Upah Minimum 2020 Naik, Harapan Baru Pekerja Bisa Beli Rumah
- ANTARA FOTO/Yulius Satria Wijaya
Namun, jika dilihat rasio harga properti terhadap UMK memang kebanyakan sudah cukup tinggi. Di Surakarta dan Yogyakarta misalnya, rasio harga properti hampir mencapai lima kali lipat terhadap UMK.
Ike menambahkan, bagi para pekerja dengan upah minimum, memiliki rumah bukanlah hal yang tidak bisa diwujudkan. Setelah mereka berhasil mengumpulkan uang Dt dengan berhemat dan menabung, langkah selanjutnya adalah mengajukan kredit pemilikan rumah (KPR).
Hal itu dimungkinkan, apalagi sekarang Bank Indonesia sudah memperbolehkan bank untuk memberikan uang muka hingga nol persen atau setidaknya 10 persen untuk rumah pertama. Jadi, dengan upah minimum, kesempatan untuk punya rumah sangat terbuka.
Pekerja dengan upah minimum lanjutnya disarankan mencari bank yang menawarkan bunga KPR terendah karena hal tersebut tentu akan memudahkan membayar cicilan bunga.
"Jika penghasilan ternyata masih tidak cukup untuk mengajukan KPR, ada pilihan KPR subsidi yang bisa diajukan. Terlebih jenis kredit ini memang khusus ditujukan bagi masyarakat berpenghasilan rendah,” jelas Ike.

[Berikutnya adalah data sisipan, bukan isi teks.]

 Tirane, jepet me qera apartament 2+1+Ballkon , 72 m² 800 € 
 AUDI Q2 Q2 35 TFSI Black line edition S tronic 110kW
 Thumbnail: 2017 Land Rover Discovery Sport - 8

KPR subsidi sangat sesuai bagi para pekerja dengan upah minimum karena harga rumah relatif lebih murah, bunga flat 5 persen, dan jangka waktu peminjaman hingga 20 tahun.
Syarat mengajukan KPR jenis ini adalah gaji pemohon maksimal Rp 4 juta untuk membeli rumah dan gaji maksimal Rp 7 juta untuk membeli apartemen. Selain itu, jenis KPR ini hanya dikhususkan bagi pemohon yang belum pernah memiliki rumah.
Untuk pilihan hunian yang disarankan bagi para pekerja dengan upah minimum adalah jenis rumah tapak. Meski pun harga rumah tapak dan apartemen meningkat bersama sepanjang 2018, namun harga rumah tapak masih lebih terjangkau bagi mereka.
Menurut data Rumah.com Property Index harga rumah tapak di bulan Oktober 2019 berada pada kisaran Rp15 juta rupiah per meter persegi sedangkan apartemen di kisaran Rp24 juta rupiah per meter persegi.
Memasuki 2019, harga apartemen sempat mengalami penurunan bersamaan dengan banyaknya suplai hunian yang baru dipasarkan. Sepanjang 2019 ini indeks harga rumah tapak dan apartemen memiliki korelasi yang negatif, artinya preferensi terhadap salah satu hunian akan menurunkan yang lain.